Records provided START

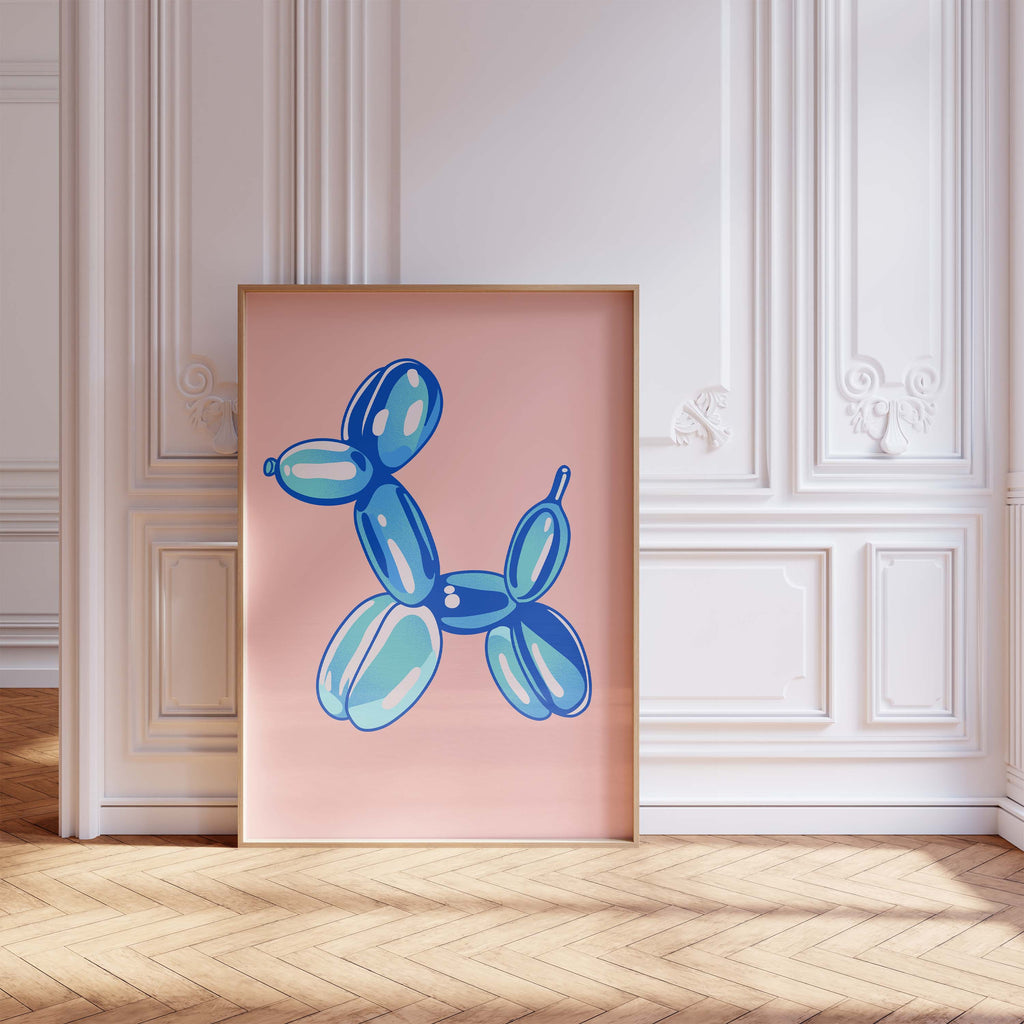 Balloon Dog Poster · Blue Dog Sculpture · Pop Art Aesthetic · Minimalist Design · Pink Background · Unframed Print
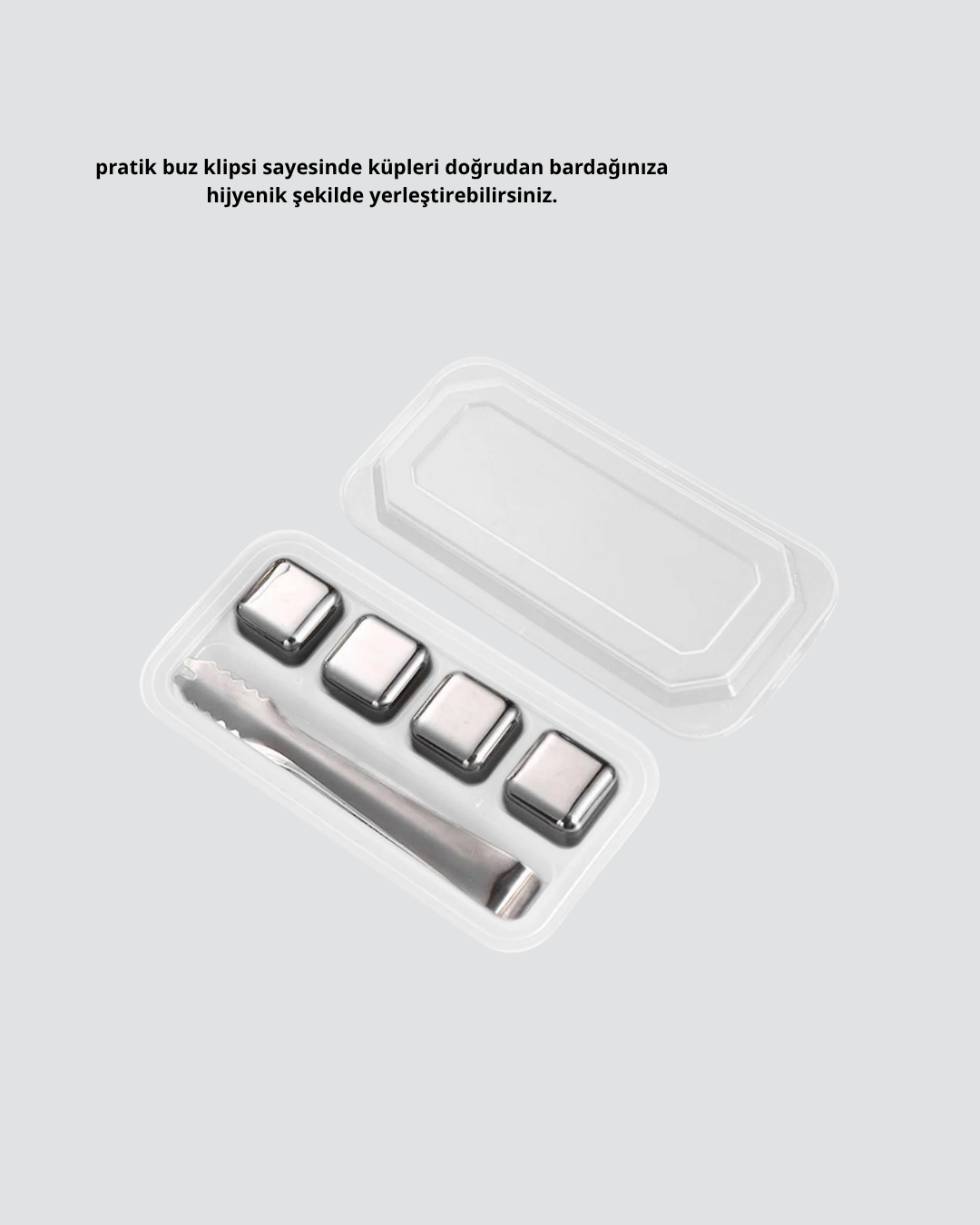 Paslanmaz Çelik Metal Buz Küpü Seti Sulandırmadan Soğutma ve Klips Dahil - Görsel 3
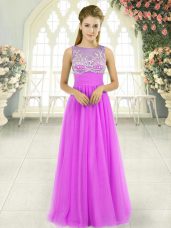 Elegant Sleeveless Side Zipper Floor Length Beading Dress for Prom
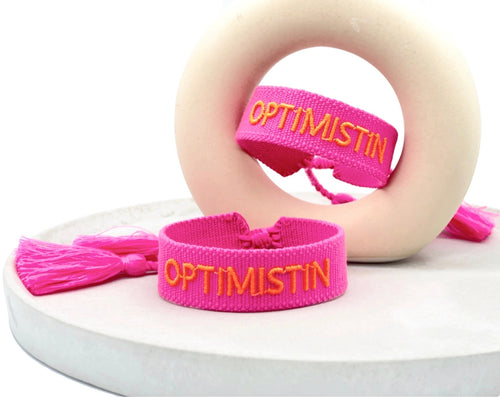 Webarmband "Optimistin" neon pink/orange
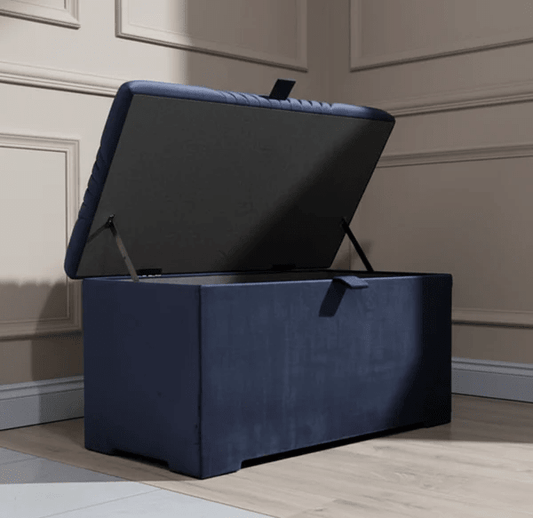 ISTOOLS Deep Storage Ottoman Bench Seat – Off - White Upholstered Bedroom Storage Box - ISTOOLS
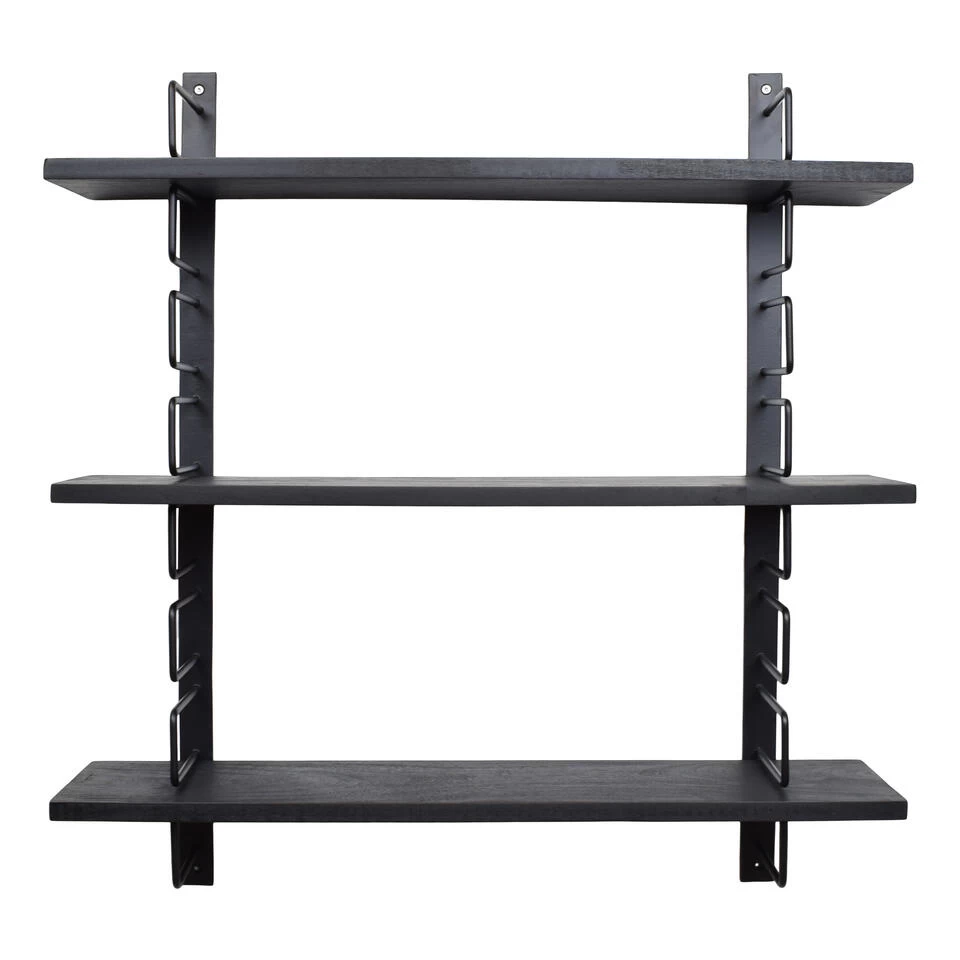 LOFT42 Wandrek Zwart - Mangohout – Metaal - 64x13x74 - Afbeelding 2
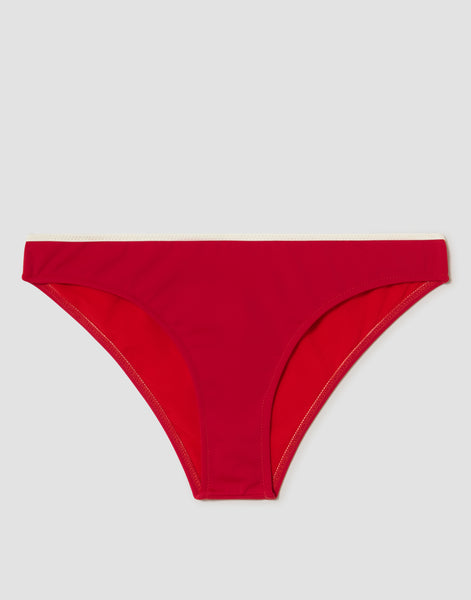 Slip bikini rosso con bordi a contrasto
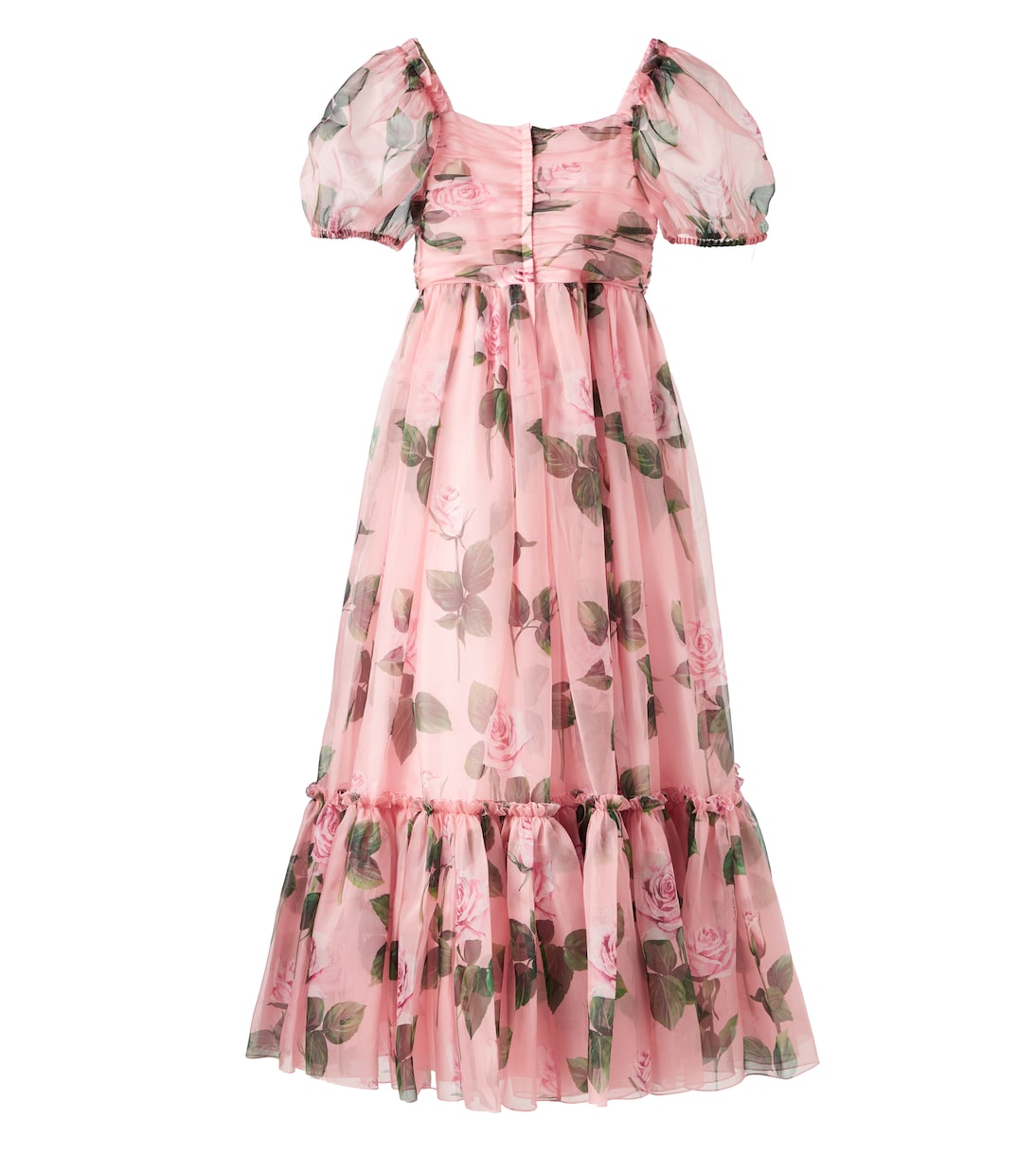 Платье DG из смесовой шелковой органзы с цветочным принтом Dolce&Gabbana Kids, Rose C/Stelo F.Rosa — фото 4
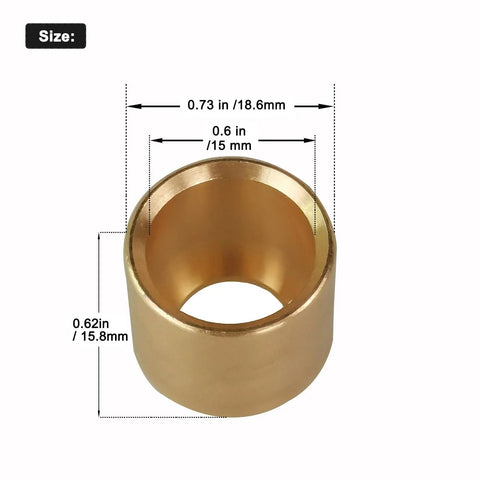 Brass shifter bushing for Mazda MX-5 Miata 5-speed isolator cup, gold metal, front view.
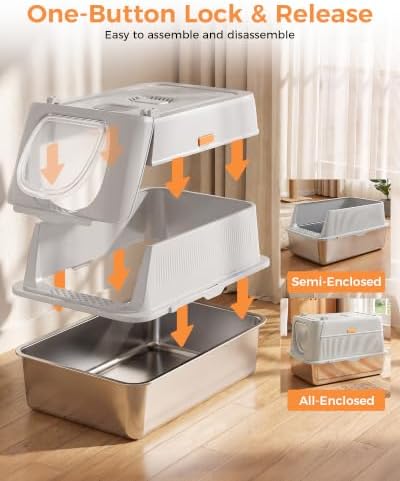 GTPLAYER XL Stainless Steel Cat Litter Box - Image 4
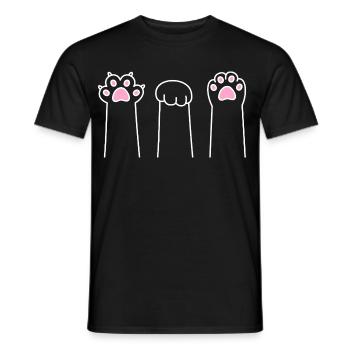 Katze Pfote Spiel Katzenpfoten Schere Stein Papier - Männer T-Shirt - Schwarz - Vorne - AI Model Male 178 light (178cm)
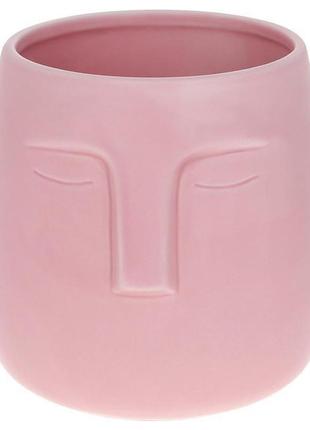 Ваза керамическая "illusion лицо" 14х14х14см, матовый розовый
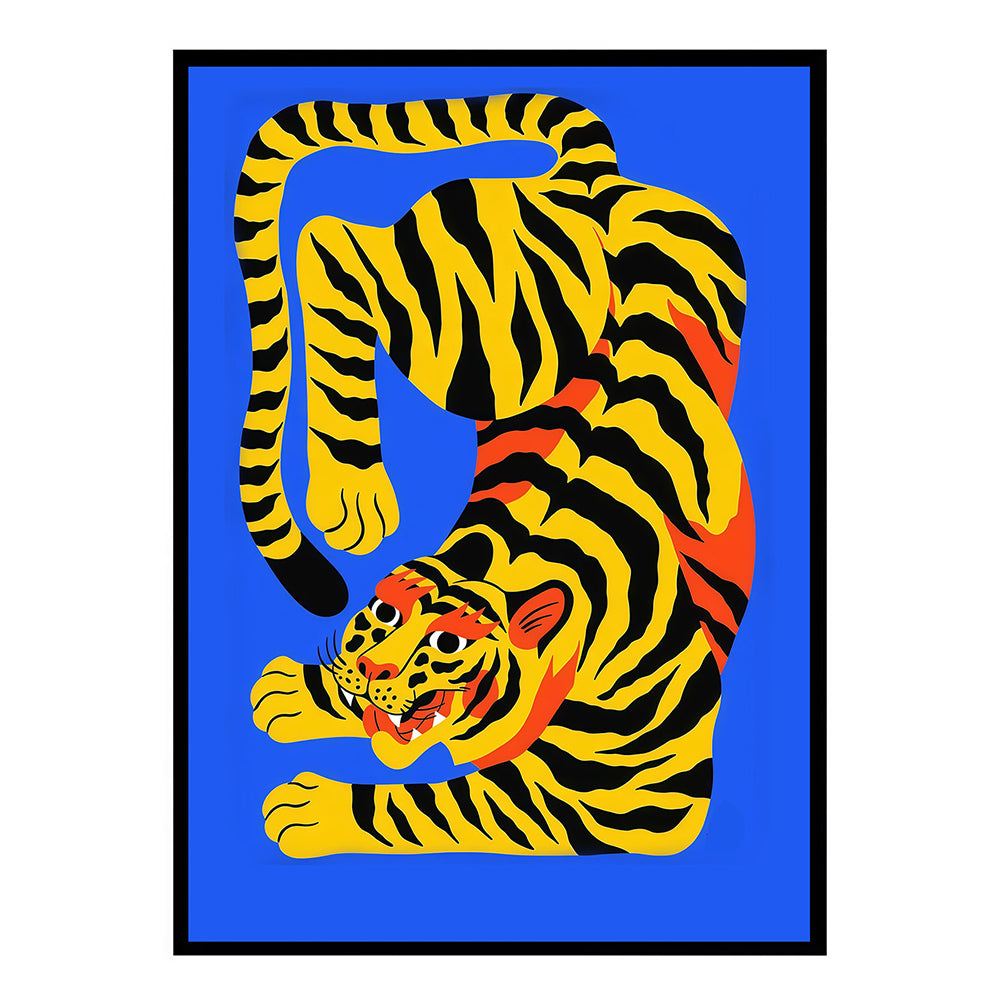Bold Pop Art Tiger on Blue Background Beach Towel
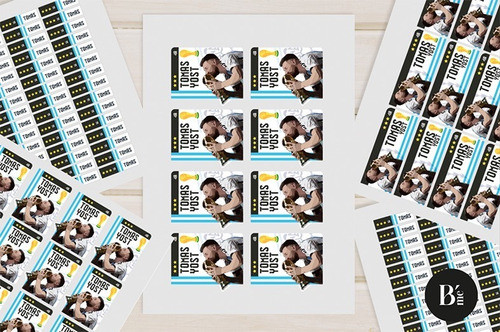 Etiquetas Personalizadas Cole. Messi Argentina Campeones 1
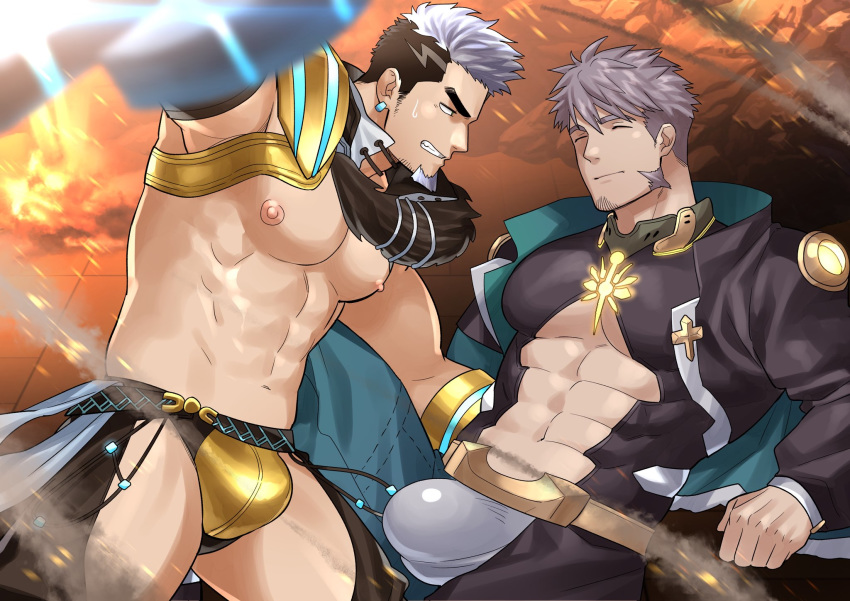 2boys abs abs_cutout bara bare_pectorals black_hair black_shirt bulge cleavage_cutout clothing_cutout commission couple crotchless crotchless_pants earrings facial_hair goatee green_eyes gyee highres jewelry kienbiu large_pectorals long_sideburns male_focus multicolored_hair multiple_boys muscular muscular_male navel nipples pants pectorals purple_hair revealing_clothes second-party_source shirt short_hair shrug_(clothing) sideburns skin_tight spread_legs su_(gyee) thick_thighs thigh_cutout thighs two-tone_hair yan_(gyee) yaoi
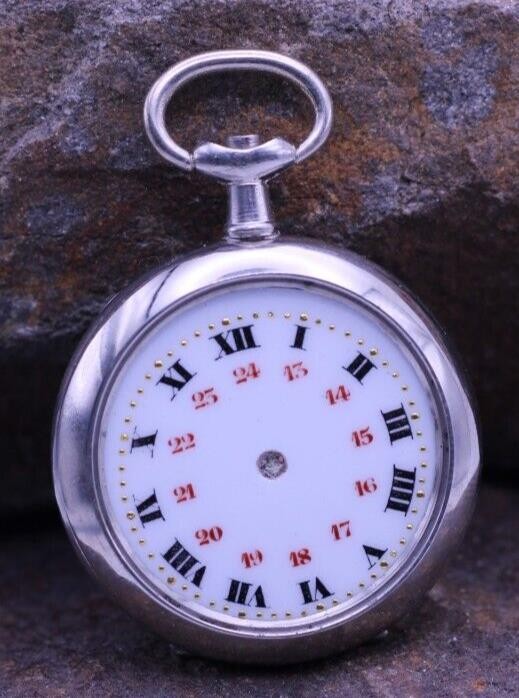 ARGENTAN LADIES SWISS POCKET WATCH CASE & DIAL 30mm DIAMETER NOS (EQ)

Records provided END

Task instructions >>
Set down the material again exactly. Don't carry over any pictures.

Output for this task >>
 Balloon Dog Poster · Blue Dog Sculpture · Pop Art Aesthetic · Minimalist Design · Pink Background · Unframed Print
 Paslanmaz Çelik Metal Buz Küpü Seti Sulandırmadan Soğutma ve Klips Dahil - Görsel 3
 Elegant Sleeveless Side Zipper Floor Length Beading Dress for Prom
 Webarmband "Optimistin" neon pink/orange
 ISTOOLS Deep Storage Ottoman Bench Seat – Off - White Upholstered Bedroom Storage Box - ISTOOLS
 LOFT42 Wandrek Zwart - Mangohout – Metaal - 64x13x74 - Afbeelding 2
 Slip bikini rosso con bordi a contrasto
 Платье DG из смесовой шелковой органзы с цветочным принтом Dolce&Gabbana Kids, Rose C/Stelo F.Rosa — фото 4
 Brass shifter bushing for Mazda MX-5 Miata 5-speed isolator cup, gold metal, front view.
 GTPLAYER XL Stainless Steel Cat Litter Box - Image 4
 Katze Pfote Spiel Katzenpfoten Schere Stein Papier - Männer T-Shirt - Schwarz - Vorne - AI Model Male 178 light (178cm)
 Ваза керамическая "illusion лицо" 14х14х14см, матовый розовый
Bold Pop Art Tiger on Blue Background Beach Towel
 Etiquetas Personalizadas Cole. Messi Argentina Campeones 1
 2boys abs abs_cutout bara bare_pectorals black_hair black_shirt bulge cleavage_cutout clothing_cutout commission couple crotchless crotchless_pants earrings facial_hair goatee green_eyes gyee highres jewelry kienbiu large_pectorals long_sideburns male_focus multicolored_hair multiple_boys muscular muscular_male navel nipples pants pectorals purple_hair revealing_clothes second-party_source shirt short_hair shrug_(clothing) sideburns skin_tight spread_legs su_(gyee) thick_thighs thigh_cutout thighs two-tone_hair yan_(gyee) yaoi
 ARGENTAN LADIES SWISS POCKET WATCH CASE & DIAL 30mm DIAMETER NOS (EQ)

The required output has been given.